New Penal Code Set for Assembly’s Approval

The Council of Ministers on Fri­day approved the new penal code, which should pave the way for the government to move forward with the long-awaited anticorruption law, officials said Sunday.

The penal code, drafted by the Ministry of Justice, defines crimes and their respective punishments and will be sent to the National As­sembly this week for review, said Council of Ministers spokes­man Phay Siphan. As soon as the new criminal code has been ap­proved by the Assembly, the draft law on anticorruption will be submitted to the council, he added.

“The draft law will protect the public interest [and] the National As­sembly must approve the penal code first before the anticorruption law,” because the penal code will al­so apply to the graft law, Mr Siphan said.

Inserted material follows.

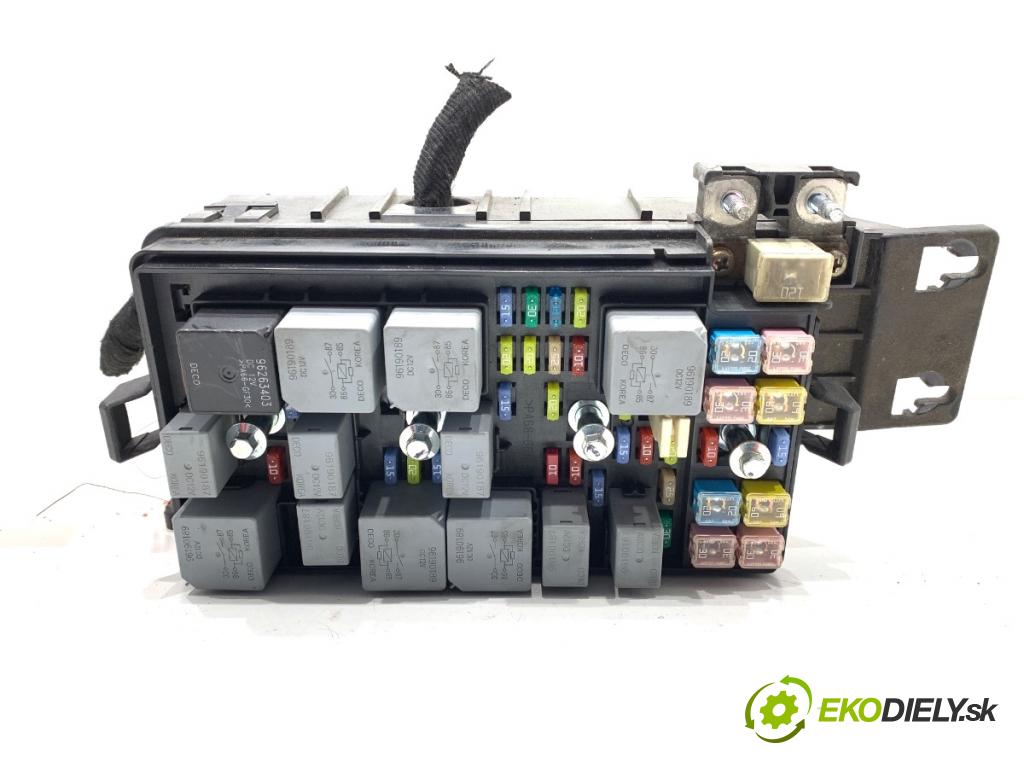 CHEVROLET EPICA sedan 2007 105 kW 2.0 1993 skříňka poistková 96647287 (Pojistková skříňka)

An assistant to Minister of Justice Ang Vong Vathana referred all questions to Secretary of State Hy Sopheap, who took part in drafting the new penal code, but he declined to comment when reached by a reporter.

The penal code, which has been based on laws from France and Germany, consists of 15 chapters and 672 articles and will eventually replace the penal code currently in use, which was established by UN Transitional Authority in 1992, according to a statement released by the Council of Ministers Friday. The relatively barebones 1992 penal code was meant for use during the transitional period, but has remained in force and largely unchanged since the Untac period ended in 1993.

“The Council of Ministers has approved the penal code draft law…in order to respond to needs…in the modern day with effectiveness [and] in order to ensure protections of peoples’ freedom, dignity, social security and public order. [The] law was organized based on three big foundations in Cambodia: The cultural penal law, the existing penal code and new challenges,” the council statement said.

The absence of an updated penal code has been repeatedly cited by the government as the main reason why the state has not yet passed an anticorruption law. The first drafted anti-graft legislation reached the National Assembly in 1994 but was never passed, and several other drafts have circulated through the offices of government for almost 15 years. The anticorruption law has been a donor benchmark since 2002 and calls have been made to make aid contingent on the government passing the law. The latest known draft of the anticorruption law was reportedly finalized in August 2008 but it is not clear if any changes have been made since.

Representatives of donor countries reached Sunday said they were cautiously optimistic regarding the new penal code but that they would wait and see until the new draft is signed into law before they comment.

CPP lawmaker Cheam Yeap said that as soon as the penal code is approved by the National Assembly and the Senate and signed by King Norodom Sihamoni, the government will start the process for passing the anticorruption law.

“This is the step for the anticorruption law to become reality,” Mr Yeap said, but added that he doesn’t believe passage of an anti-graft law will stop donor countries and rights groups from criticizing the government.

It is a positive step for the government to approve the new penal code and start the process for the anticorruption law, said Ou Virak, president of the Cambodian Center for Human Rights. But, he said, he was worried that the draft code had been kept a secret and that the government had not allowed rights groups and donor countries to review the legislation.

“It is a good sign, but my concern is that the draft penal code has now passed through the [council] but not through civil society. We have asked many times but [the government] say it is confidential. It should be the official position of the government to actually make the draft public and seek advice from civil society,” Mr Virak said.

Thun Saray, president of local rights group Adhoc said he was looking forward to the draft anticorruption law to be passed but that he was worried about the content of that proposed law since it has also been kept largely secret by the government.

“I think that many people would like to see this law passed, but the content of the law, I don’t know yet,” he said. “But if [the anticorruption law] is weak then it will not have an impact, and even if the law will be good, we have to also confirm about the [implementation abilities of] law enforcement agencies.”

Cambodia is one of the most corrupt countries is the world according to international corruption watchdogs. In 2008, Cambodia was ranked 166 out of 180 countries assessed by Transparency International’s Corrupt Perceptions Index, scoring just 1.8 on a scale of 0 to 10. Only Burma scored worse in the region.